Below are the records; give again exactly the line with "Copper and brassware;", the line with "c1920 Boat Landing, Arnolds", and each line that lies between them, and nothing besides.
[Source data Boundary: Start]
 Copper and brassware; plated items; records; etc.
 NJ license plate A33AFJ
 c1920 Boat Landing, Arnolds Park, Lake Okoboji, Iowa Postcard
[Source data Boundary: End]
[Source data Boundary: Start]
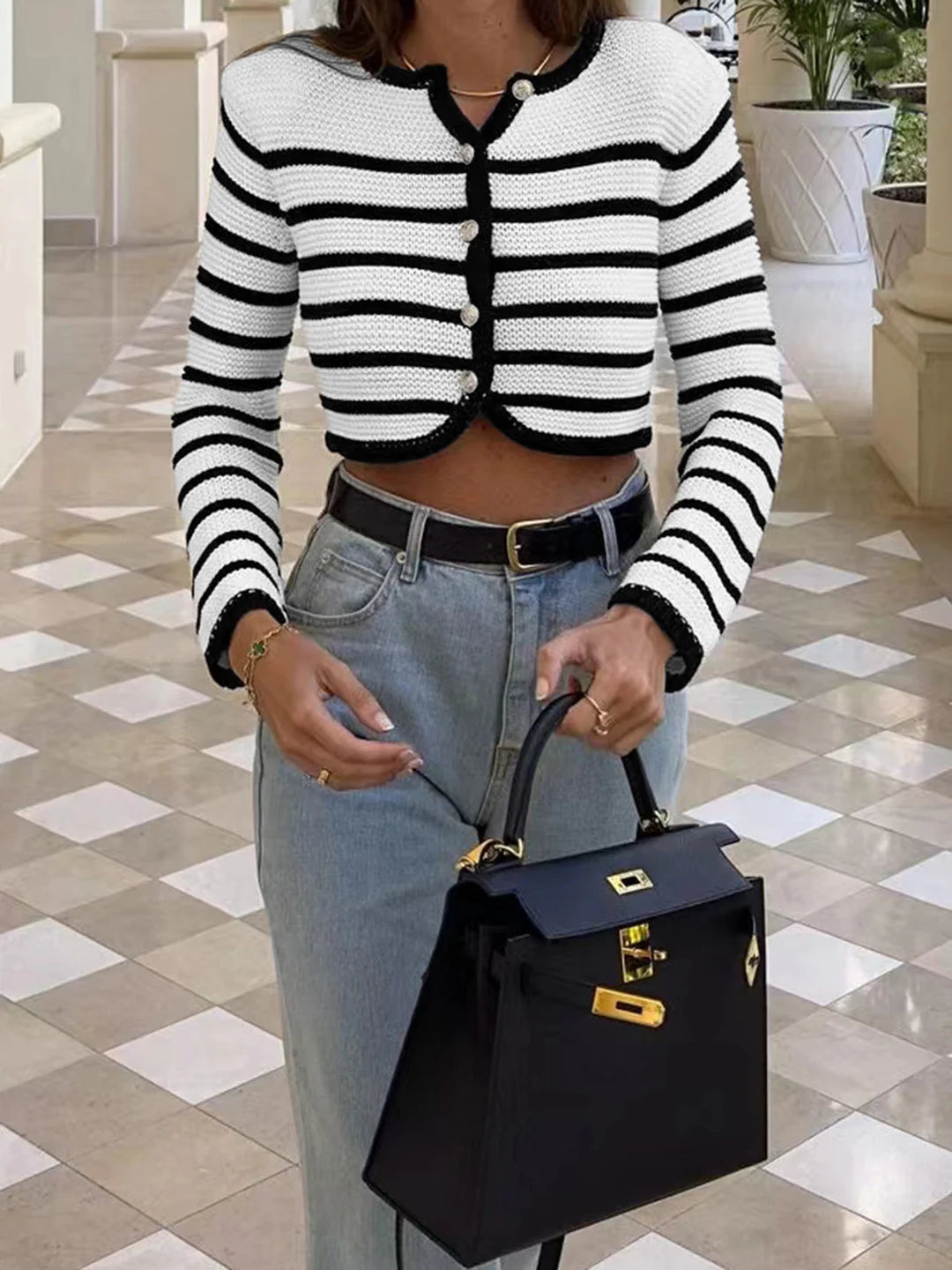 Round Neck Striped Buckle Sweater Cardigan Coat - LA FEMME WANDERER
[Source data Boundary: End]
_Your response_
 Copper and brassware; plated items; records; etc.
 NJ license plate A33AFJ
 c1920 Boat Landing, Arnolds Park, Lake Okoboji, Iowa Postcard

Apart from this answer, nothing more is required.